DATA EXTRACT below:

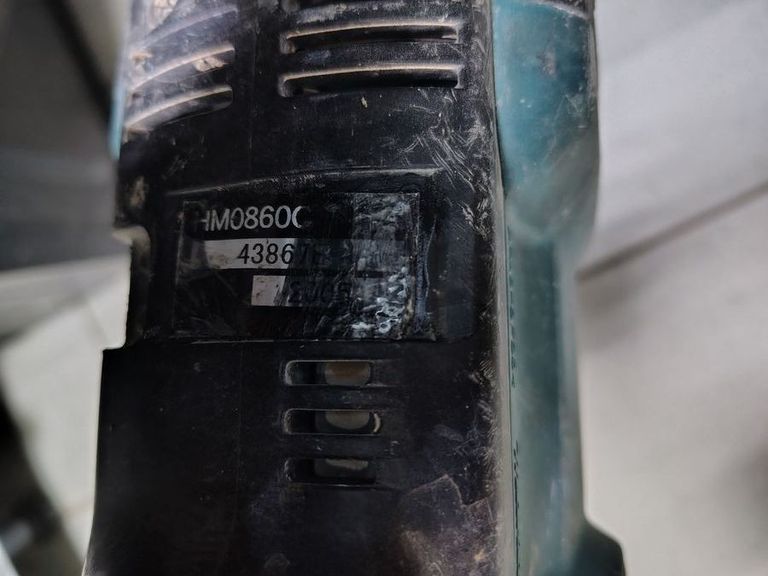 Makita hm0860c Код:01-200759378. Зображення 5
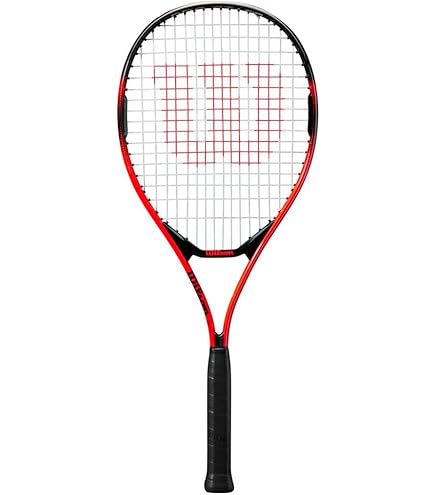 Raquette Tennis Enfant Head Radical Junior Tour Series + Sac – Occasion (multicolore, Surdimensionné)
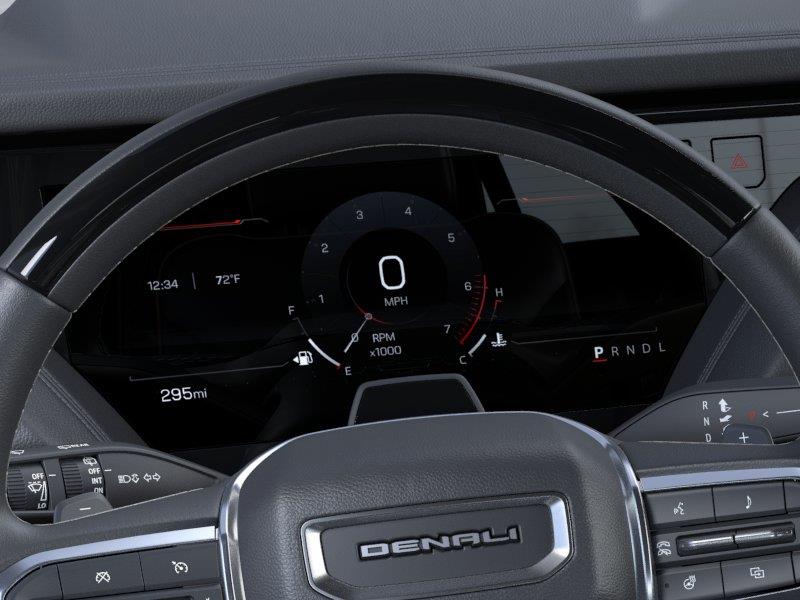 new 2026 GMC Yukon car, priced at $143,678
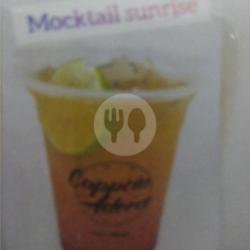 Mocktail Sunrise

End of DATA EXTRACT.

#### WHAT THE TASK REQUIRES
The answer must be the full listing, exact in every line, with the pictures removed.

#### RESPONSE
 Makita hm0860c Код:01-200759378. Зображення 5
 Raquette Tennis Enfant Head Radical Junior Tour Series + Sac – Occasion (multicolore, Surdimensionné)
 new 2026 GMC Yukon car, priced at $143,678
 Mocktail Sunrise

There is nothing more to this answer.